Monday, November 14, 2016

Markets Weren’t Spooked By A President Trump

What investors feared was an indecisive election. Once the winner became clear, confidence returned.


By David M. Primo and Trung A. Dang
The Wall Street Journal
November 14, 2016

Less than one day after Donald Trump’s election as president, we could already add one more prediction to the dustbin of history: that a Trump victory would lead to immediate disaster for the financial markets.

The warnings came from every direction in the weeks and months leading up to Nov. 8. An equity analyst told New York magazine that “Trump is widely considered to be reckless and Clinton is widely considered to be a friend to Wall Street.” Two highly cited university economists using advanced statistical techniques estimated that “a Trump victory would reduce the value of the S&P 500, the UK, and Asian stock markets by 10-15%.”

Yet three major stock indexes—the Dow Jones Industrial Average, the S&P 500 and the Nasdaq—were all up on Nov. 9. Not since Bill Clinton’s re-election in 1996 have all three increased simultaneously the day after a presidential election. The Dow gained more than 250 points Wednesday, and closed the week at a record high.

You might wonder: What happened? But there’s a better question: What didn’t happen?

The days before the election were rife with uncertainty. There were fears of terrorist attacks, a contested election, violence in the streets, a breakdown of society—what you might call the end of America. (We exaggerate, but have you seen what disappointed voters are posting on Facebook and Twitter?) These fears—warranted or not—were amplified by journalists who struggled to maintain objectivity. Then they bounced around the echo chamber of social media.

By and large, none of these fears materialized. Mr. Trump gave a conventional victory speech. It was matched by Hillary Clinton’s equally uneventful concession speech. The election is not contested. America has a new president and is on a path toward another peaceful transition of power.

Stock prices reflect millions of individual decisions, so we need to be cautious in attributing intentions to markets. But in the days after the election, investors seemed to be reacting to the stability of America’s democratic institutions. To the extent that anything can be gleaned from the financial rally, it is this: On balance, having the election definitively resolved has outweighed immediate concerns about what President-elect Trump might do in the days ahead.

How can we be so sure? Look at two pieces of data: first, the movement in the futures markets—essentially bets on where stock prices are headed. Early Wednesday morning, when a Trump victory began to seem likely, S&P futures plunged by 5%. That was a decline consistent with analysts’ fears.

Second, consider what happened when U.S. markets opened on Wednesday at 9:30 a.m. It had become clear in the light of day that the country had “survived.” The S&P, for instance, began the trading day within points of where it had closed the day before, and it headed upward from there.
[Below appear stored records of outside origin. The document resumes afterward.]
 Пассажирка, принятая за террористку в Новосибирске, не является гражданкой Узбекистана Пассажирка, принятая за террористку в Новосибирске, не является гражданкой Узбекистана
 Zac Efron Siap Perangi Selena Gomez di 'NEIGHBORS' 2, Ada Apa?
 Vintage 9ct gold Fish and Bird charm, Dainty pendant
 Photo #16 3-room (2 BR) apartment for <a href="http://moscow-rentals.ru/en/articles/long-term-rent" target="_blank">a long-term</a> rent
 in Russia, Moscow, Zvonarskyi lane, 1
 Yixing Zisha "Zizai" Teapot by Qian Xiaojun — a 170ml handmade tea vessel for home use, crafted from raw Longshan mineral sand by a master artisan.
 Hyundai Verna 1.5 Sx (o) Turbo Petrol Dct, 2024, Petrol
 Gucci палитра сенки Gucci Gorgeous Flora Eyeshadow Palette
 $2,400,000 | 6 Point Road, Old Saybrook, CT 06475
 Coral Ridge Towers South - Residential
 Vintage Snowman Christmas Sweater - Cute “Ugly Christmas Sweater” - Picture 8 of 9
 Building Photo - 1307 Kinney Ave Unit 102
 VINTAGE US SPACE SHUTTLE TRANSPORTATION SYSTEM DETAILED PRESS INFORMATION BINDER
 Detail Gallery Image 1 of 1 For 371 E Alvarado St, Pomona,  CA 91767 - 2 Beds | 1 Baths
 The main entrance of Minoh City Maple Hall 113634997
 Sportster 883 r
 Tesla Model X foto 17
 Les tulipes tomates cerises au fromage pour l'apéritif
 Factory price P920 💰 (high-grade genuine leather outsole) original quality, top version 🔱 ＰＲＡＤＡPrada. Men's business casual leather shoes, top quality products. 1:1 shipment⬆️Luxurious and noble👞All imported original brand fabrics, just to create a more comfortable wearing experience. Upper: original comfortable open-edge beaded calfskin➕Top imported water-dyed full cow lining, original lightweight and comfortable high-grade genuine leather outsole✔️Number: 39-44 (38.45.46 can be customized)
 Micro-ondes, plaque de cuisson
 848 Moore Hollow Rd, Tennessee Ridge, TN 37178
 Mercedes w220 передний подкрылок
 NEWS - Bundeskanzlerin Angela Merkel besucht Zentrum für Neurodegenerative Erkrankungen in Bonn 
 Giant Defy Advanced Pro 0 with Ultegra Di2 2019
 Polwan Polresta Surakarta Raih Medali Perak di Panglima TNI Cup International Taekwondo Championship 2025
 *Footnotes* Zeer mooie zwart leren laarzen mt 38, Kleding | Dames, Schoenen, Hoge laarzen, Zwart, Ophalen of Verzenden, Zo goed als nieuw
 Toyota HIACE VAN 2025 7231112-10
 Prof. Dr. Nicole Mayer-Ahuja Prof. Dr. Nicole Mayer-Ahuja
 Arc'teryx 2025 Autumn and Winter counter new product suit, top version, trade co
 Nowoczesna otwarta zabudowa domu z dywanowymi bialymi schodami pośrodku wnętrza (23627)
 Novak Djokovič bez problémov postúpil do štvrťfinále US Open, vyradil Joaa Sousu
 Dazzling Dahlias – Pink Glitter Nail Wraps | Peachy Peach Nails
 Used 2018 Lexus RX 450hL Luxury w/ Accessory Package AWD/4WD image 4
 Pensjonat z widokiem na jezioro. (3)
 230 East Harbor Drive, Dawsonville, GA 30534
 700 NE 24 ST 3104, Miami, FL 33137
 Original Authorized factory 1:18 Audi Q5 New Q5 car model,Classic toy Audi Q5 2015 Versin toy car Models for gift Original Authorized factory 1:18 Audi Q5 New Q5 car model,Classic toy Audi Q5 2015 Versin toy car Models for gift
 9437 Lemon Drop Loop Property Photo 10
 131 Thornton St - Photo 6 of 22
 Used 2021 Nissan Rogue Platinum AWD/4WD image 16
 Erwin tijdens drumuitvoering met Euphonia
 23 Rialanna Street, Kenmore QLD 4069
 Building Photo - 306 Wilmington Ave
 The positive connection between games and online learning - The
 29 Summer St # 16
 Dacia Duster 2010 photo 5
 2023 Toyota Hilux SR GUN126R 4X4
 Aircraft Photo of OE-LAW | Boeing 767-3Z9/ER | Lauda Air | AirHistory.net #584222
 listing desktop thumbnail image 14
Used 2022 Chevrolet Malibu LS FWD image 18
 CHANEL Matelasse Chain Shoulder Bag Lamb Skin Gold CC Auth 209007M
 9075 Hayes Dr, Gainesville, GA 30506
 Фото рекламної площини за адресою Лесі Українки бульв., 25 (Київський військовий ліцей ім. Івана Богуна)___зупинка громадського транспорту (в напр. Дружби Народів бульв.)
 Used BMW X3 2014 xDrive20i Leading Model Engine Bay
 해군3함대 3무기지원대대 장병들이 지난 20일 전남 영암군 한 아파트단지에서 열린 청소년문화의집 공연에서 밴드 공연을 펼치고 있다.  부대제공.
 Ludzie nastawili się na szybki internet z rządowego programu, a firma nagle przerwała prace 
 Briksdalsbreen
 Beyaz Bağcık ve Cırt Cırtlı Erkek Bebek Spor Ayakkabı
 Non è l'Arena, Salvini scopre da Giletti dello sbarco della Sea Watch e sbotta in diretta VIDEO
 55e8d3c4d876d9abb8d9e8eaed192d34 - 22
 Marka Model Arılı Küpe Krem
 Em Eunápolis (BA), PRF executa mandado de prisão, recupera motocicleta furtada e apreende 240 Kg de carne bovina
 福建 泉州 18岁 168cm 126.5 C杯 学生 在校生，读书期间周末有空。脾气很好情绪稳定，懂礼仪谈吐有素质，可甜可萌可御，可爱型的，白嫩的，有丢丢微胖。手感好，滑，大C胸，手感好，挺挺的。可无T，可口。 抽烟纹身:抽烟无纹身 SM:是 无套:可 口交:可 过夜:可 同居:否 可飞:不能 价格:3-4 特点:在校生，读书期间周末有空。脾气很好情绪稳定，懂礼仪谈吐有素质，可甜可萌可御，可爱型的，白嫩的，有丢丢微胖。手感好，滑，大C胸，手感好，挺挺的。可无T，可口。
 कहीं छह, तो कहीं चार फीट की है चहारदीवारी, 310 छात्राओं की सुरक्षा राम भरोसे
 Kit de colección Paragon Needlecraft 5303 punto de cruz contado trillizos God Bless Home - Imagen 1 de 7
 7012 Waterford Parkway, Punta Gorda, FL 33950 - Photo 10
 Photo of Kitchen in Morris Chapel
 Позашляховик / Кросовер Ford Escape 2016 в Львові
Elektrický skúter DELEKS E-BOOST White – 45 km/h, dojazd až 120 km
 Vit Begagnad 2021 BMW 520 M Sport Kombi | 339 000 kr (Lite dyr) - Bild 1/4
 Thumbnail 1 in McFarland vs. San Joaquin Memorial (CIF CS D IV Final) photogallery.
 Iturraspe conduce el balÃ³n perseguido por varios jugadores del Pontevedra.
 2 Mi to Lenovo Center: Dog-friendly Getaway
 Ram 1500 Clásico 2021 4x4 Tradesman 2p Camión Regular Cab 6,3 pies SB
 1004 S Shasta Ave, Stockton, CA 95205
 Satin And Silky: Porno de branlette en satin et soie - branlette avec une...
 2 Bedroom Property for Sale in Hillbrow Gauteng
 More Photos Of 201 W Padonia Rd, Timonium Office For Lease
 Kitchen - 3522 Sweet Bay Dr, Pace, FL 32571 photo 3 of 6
This pattern is strong evidence that what was really rattling investors wasn’t the prospect of President Trump, but rather the fear of what might ensue after a messy, indecisive election. Once that chaos was averted, the worry subsided.

That isn’t to say there are no winners and losers in the markets after a Trump victory. The Mexican peso was off about 8% Wednesday, tied to questions about what President Trump will do regarding trade and the North American Free Trade Agreement. Biotech companies, whose drug-pricing practices Mrs. Clinton had called “outrageous,” jumped about 10% the day after the election.

As many have noted, there are striking parallels with the British vote in June to leave the European Union. There, too, the public was inundated with dire predictions about what would happen to the financial markets if Brexit won. Immediately after the vote stocks nose-dived, with the S&P down more than 3%. But that index fully recovered within a couple of weeks. Perhaps the biggest difference is that the recovery after Mr. Trump’s victory was nearly instantaneous.

There is still significant uncertainty about what President Trump will do, how Brexit will be resolved, and a host of other geopolitical issues. Investors would be wise to expect continued volatility in financial markets. And if Mr. Trump makes good on many of his economic and foreign policy promises, the markets could reverse course. But the financial lesson from last week is that the clarity of elections—having a decisive winner and a gracious loser—may matter nearly as much as, and in some cases more than, the outcome.

This was an exhausting campaign. But those who worry about the country’s future should take solace in the way markets responded to an unexpected Trump victory. America’s political system is more resilient than many experts would have us believe.